## Task item
Lines from the beginning of the material below through the line that has "نتائج الثالث متوسط" are to be reproduced exactly, but pictures are not.

## Provided records
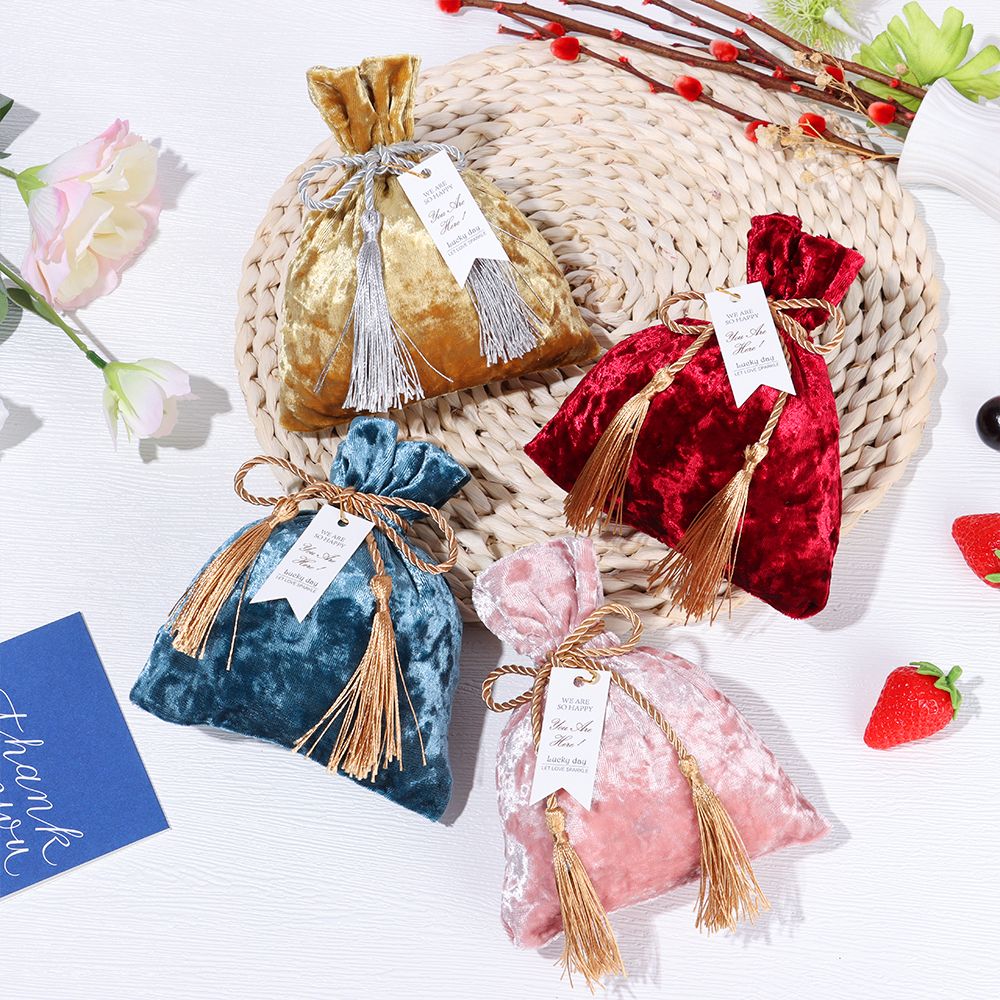 Velvet Cloth Drawstring Tassel - đánh giá và giá Velvet Jewelry Box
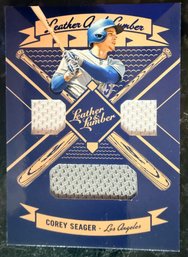 2019 Leather And Lumber Triple Jersey Relics Corey Seager Insert Card - MINT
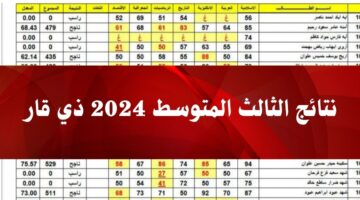 نتائج الثالث متوسط ذي قار 2024 برقم المقعد عبر موقع نتائجنا وزارة التربية العراق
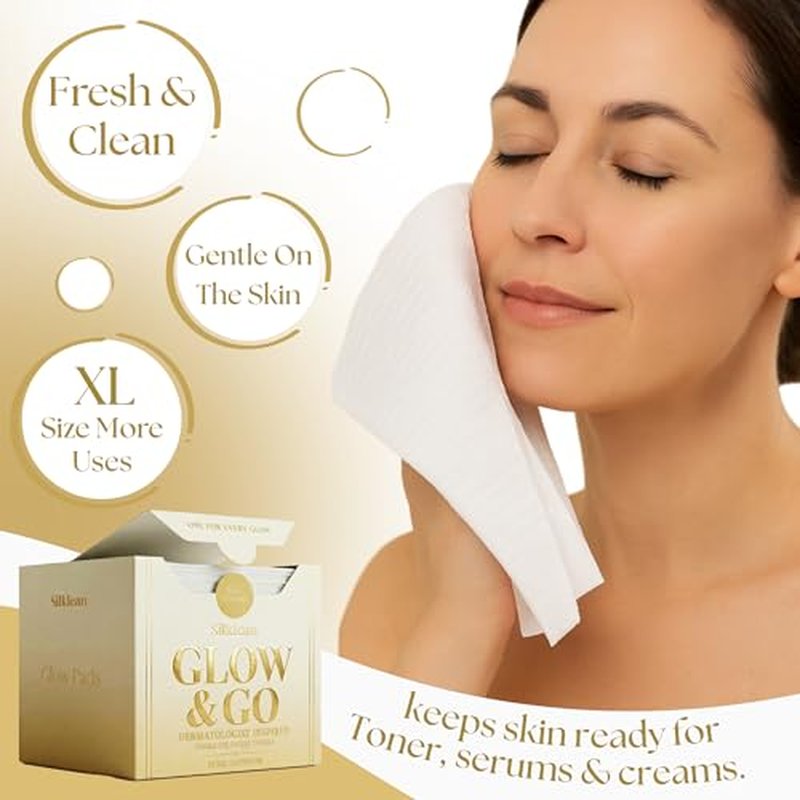 Glow & Go XL Disposable Face Towel 10x15 Inch, 100% Biodegradable Premium Towels for Fine Line Prevention & Radiant Skin, Chemical Free, 50 Count One Month Supply, 1 Pack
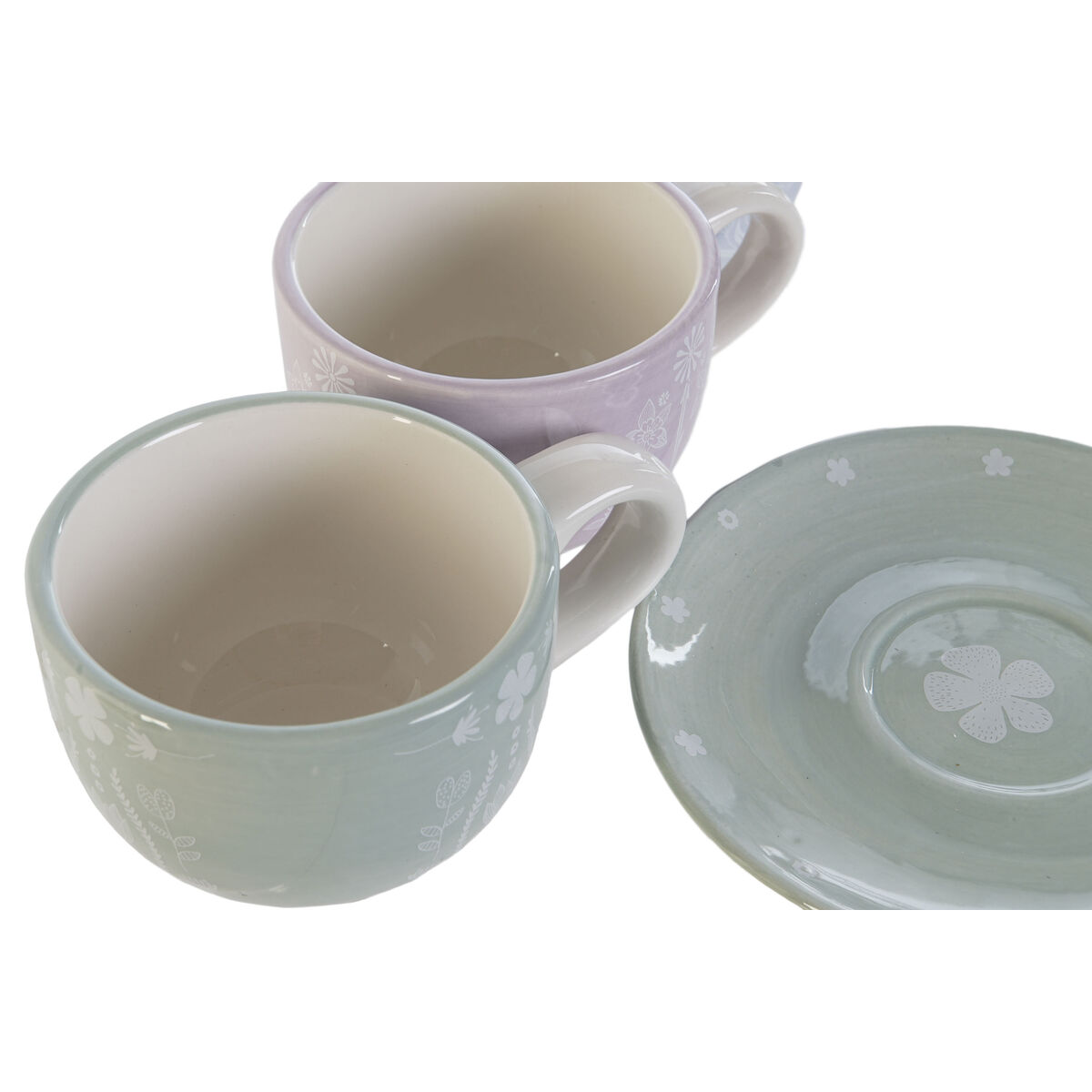 imagem de Conjunto de Chávenas de Café DKD Home Decor Azul Branco Verde Lilás Metal 180 ml3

## Response box
 Velvet Cloth Drawstring Tassel - đánh giá và giá Velvet Jewelry Box
 2019 Leather And Lumber Triple Jersey Relics Corey Seager Insert Card - MINT
 نتائج الثالث متوسط ذي قار 2024 برقم المقعد عبر موقع نتائجنا وزارة التربية العراق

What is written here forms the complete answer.